[Stored dataset items]
==================================================

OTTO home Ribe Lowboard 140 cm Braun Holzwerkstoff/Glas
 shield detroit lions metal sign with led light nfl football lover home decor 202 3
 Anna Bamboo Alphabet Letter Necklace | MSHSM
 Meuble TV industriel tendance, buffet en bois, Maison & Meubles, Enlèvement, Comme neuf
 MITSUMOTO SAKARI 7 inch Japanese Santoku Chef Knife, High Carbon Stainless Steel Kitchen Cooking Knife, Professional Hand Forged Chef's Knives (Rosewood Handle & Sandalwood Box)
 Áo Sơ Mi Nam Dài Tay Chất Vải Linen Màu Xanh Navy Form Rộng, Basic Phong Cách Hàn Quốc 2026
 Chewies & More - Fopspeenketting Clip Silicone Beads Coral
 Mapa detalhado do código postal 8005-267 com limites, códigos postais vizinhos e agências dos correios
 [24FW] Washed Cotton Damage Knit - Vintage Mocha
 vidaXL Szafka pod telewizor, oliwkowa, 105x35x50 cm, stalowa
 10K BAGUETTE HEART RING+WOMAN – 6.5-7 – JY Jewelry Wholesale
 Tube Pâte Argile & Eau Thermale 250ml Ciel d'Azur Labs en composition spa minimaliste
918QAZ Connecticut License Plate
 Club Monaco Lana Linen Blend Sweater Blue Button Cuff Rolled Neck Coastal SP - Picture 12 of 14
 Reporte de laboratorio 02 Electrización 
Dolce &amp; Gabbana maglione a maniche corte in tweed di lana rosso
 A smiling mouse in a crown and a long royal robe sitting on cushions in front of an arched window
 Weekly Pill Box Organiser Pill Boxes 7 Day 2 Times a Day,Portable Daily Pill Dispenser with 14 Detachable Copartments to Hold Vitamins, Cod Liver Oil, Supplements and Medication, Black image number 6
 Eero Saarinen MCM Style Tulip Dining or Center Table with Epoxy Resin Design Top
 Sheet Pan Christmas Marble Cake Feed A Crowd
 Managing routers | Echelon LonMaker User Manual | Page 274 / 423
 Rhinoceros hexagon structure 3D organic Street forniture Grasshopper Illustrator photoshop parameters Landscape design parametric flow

==================================================

TASK GOAL =>
Exact copies of the lines from the one holding "Managing routers |" to the end of the entries are all that should be written.

WRITTEN SOLUTION =>
 Managing routers | Echelon LonMaker User Manual | Page 274 / 423
 Rhinoceros hexagon structure 3D organic Street forniture Grasshopper Illustrator photoshop parameters Landscape design parametric flow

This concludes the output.